To enable the R visualization preview feature, follow these steps: http://blogs.msdn.com/b/powerbi/archive/2015/12/17/announcing-preview-of-r-visuals-in-power-bi-desktop.aspx

Please keep in mind, that the usage of R based visualizations within Power BI is a preview feature, reports that contain R visualizations can not be published to the Power BI service. Currently this is a Power BI Desktop Feature alone. I would not recommend, to use this in an production environment.

As I already mentioned, the R code is almost the same as in the example for Reporting Services. For this reason I will concentrate on the special stuff that leverages the power of Power BI (sounds a little funny).

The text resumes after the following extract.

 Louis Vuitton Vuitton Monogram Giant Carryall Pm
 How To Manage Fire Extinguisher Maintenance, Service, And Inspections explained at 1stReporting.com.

One thing that makes data analysis with Power BI a real pleasure, is the interactivity between the data and the objects used for data visualizations.

For this reason I added some lines to the initial R script:

# read the number of companies (determined by the selection of the Comp slicer)

slicer <- unique(dt.source$Comp)

slicer.count <- length(slicer)

Here I’m determine the selected members (or all the members) and also counting the selected members (from the slicer in the Power BI report). This will become necessary to calculate the width and the proper coordinates of the rectangles.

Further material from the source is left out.